### Task to carry out
Read the lines below, and copy any that contain the string "fairy".

-------------------------

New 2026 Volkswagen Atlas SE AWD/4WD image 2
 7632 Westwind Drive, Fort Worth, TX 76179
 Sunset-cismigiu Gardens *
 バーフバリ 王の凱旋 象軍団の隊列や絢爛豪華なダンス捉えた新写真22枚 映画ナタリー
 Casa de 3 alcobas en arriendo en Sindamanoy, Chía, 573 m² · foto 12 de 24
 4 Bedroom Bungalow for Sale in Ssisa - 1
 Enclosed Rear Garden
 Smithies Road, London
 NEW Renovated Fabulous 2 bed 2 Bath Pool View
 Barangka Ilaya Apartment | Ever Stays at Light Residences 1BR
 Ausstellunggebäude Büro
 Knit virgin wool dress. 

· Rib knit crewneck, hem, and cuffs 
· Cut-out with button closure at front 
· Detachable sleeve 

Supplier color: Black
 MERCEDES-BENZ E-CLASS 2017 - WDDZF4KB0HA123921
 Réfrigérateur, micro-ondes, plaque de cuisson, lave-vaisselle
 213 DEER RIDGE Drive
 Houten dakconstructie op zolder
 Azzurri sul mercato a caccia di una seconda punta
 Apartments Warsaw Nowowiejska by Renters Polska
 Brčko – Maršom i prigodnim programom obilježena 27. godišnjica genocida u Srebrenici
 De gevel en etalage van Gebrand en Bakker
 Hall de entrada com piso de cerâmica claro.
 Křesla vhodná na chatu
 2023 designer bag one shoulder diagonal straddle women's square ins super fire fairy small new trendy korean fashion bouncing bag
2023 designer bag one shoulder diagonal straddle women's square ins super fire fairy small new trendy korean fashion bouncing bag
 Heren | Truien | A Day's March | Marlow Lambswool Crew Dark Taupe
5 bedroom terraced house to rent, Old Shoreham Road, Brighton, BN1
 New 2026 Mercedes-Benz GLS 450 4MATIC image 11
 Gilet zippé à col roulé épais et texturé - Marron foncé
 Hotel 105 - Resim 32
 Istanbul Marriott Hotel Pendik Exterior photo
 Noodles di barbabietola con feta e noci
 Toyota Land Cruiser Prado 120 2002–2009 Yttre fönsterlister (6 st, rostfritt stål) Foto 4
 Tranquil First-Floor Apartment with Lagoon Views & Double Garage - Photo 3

-------------------------

### Exercise result
 2023 designer bag one shoulder diagonal straddle women's square ins super fire fairy small new trendy korean fashion bouncing bag
2023 designer bag one shoulder diagonal straddle women's square ins super fire fairy small new trendy korean fashion bouncing bag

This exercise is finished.